Presenting Pakistan’s ‘Billion Tree Tsunami’ and the new 10 Billion Tree project at a high-level meeting on forests at COP25 in Madrid, Spain, the adviser said the initiative was one of the first to be recognised by the international Bonn Challenge.Forest-cover

Along with ministers from six other countries, i.e., Armenia, Ethiopia, Ecuador, Germany, Malaysia and Chile, he spoke about enhancing the role of forests in nature-based solutions, which can provide 30 per cent of the solutions to climate change.

Pakistan was invited onto the panel as a champion of nature-based solutions and asked to share its actions in using forests, which act like carbon sinks, in tackling climate change.

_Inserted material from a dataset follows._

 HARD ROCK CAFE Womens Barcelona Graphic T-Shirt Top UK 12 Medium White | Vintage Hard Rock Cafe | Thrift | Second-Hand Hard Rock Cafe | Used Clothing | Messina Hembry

The panel wanted to see forests gain relevance as countries update their Nationally Determined Contributions (NDC) for 2020 under the Paris Agreement.

Aslam pointed out Pakistan’s vulnerability to climate change, noting that temperature in its mountainous regions could rise 1°C more than the global average.

He said 75% of Pakistan’s land was prone to desertification with less than 5% forest cover. However, 45% of its rangelands are available for forestry. “On one side we have deserts and on the other side land we could turn into forests. We took the right decision to turn this land into forests,” he told the meeting.

“We learnt four lessons: one in planning, that we allow 60% of the forests to grow back; second, to ensure transparency with a 3-step evaluation and bringing in third-party monitoring, third to push back the timber mafia and fourth to make it people-centric and ensure communities are part of the process,” he said, adding that youth and women were particularly encouraged to participate.

“Nature is the best partner if you can get it to heal itself”.

He said the project found credible partners to support it such as the IUCN, WWF-Pakistan and FAO. Now, the adviser added, the PTI government was committed to doing it “10 times over”.

“We have the money and plans in place,” Aslam said, noting that the 10 Billion Tree project would become part of the NDC that is to be re-submitted next year.

Pablo Vieira, the Global Director of the NDC partnership said Pakistan’s Billion Tree Tsunami project was widely recognised and now the country was setting the bar high with the new 10 Billion Tree project.

“It shows incredible commitment and signals we can act and do something. Trees are not a luxury – we all depend on the forest services,” said another expert on the panel.

The PM’s adviser later met Patricia Espinosa, the Mexican diplomat currently serving as the executive secretary of the United Nations Framework Convention on Climate Change.

Patricia

She told the Advisor to the PM, “In this time of climate emergency I can only be grateful for the incredible efforts that the Government of Pakistan has been undertaking, bringing in a very important and decisive policy towards a greener economy”.